I use Foresight Linux on my work computer. I don’t know if I’ve said it here, but I consider Foresight 2.1.0 to be one of the best releases of that distribution. I only had a few gripes: Evolution was still quirky (but that’s mostly Evolution’s fault), and Intel GMA acceleration left a lot to be desired — scrolling in applications, such as Firefox was unacceptable, and compiz was not ready yet.
Over the last month or so, Ken and the Foresight community have been quietly working on improving Foresight by bumping GNOME to version 2.26, as well as fixing issues regarding Intel GMA acceleration.
Yesterday, I noticed that someone was talking on #foresight about a bunch of package promotions to foresight.rpath.org@fl:2 which is the release “branch” of Foresight.
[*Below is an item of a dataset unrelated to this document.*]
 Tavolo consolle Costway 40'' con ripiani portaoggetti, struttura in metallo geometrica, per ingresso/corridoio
I decided at the end of the day to log out of X.org, go to a console, and start a conary updateall in a screen session.
This morning, I came in: no failures in the update (226 update jobs). I then rebooted the computer (just in case there was a new kernel — I didn’t bother to look).
And, lo and behold, Foresight 2.1.1 booted up. Everything just worked.
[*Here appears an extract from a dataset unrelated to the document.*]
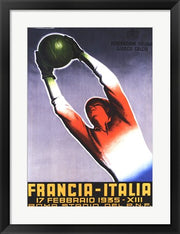 Framed Art Frame Art Francia Italia Foot Ball 1935 by T Corbella Wall Decor 18x24 Artwork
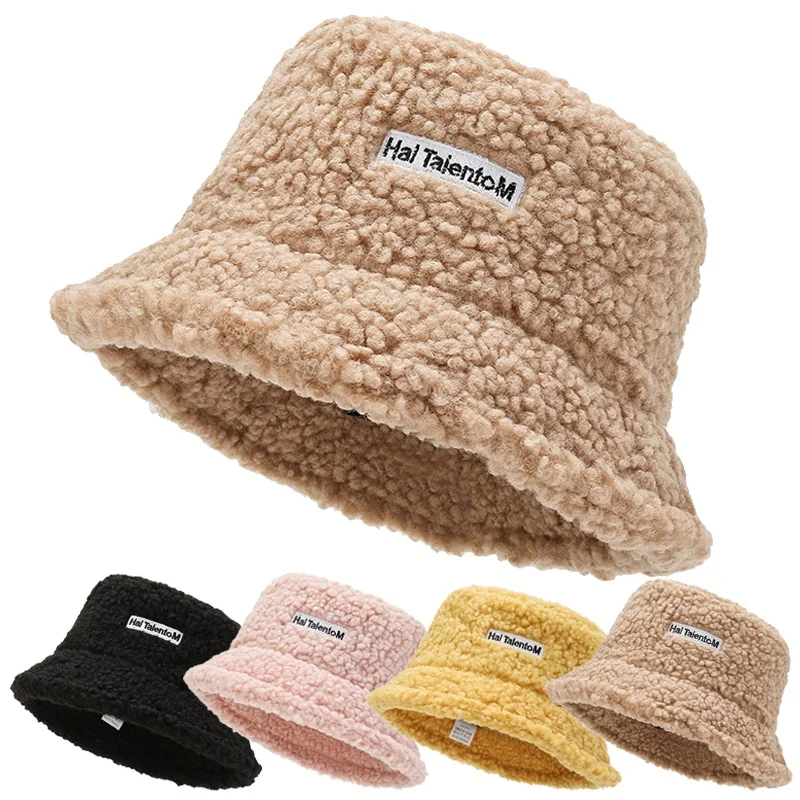 Winter Lamb Wool Bucket Hat Autumn Warm Hats for Women Lady Thicken Flat Top Cap Unisex Men Panama Outdoor Fisherman Hat Caps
I’m not sure what all the differences are, but I do know that Intel GMA acceleration is much better now; scrolling in applications (esp. Firefox) is an order of magnitude better than on 2.1.0. Font smoothing seems crisper, also. Compiz works great; to enable it, just select “Normal” or “Extra” under the Appearance preferences applet’s new “visual effects” tab.
Only one sour note: something in the default theme from GNOME 2.24 (in Foresight 2.1.0) caused the Appearance applet to throw up Bug Buddy on the first time I switched themes. It hasn’t happened upon subsequent theme switches, so it’s probably a minor fluke.
So, kudos to Ken and the Foresight Team! I’m looking forward to the “official” release.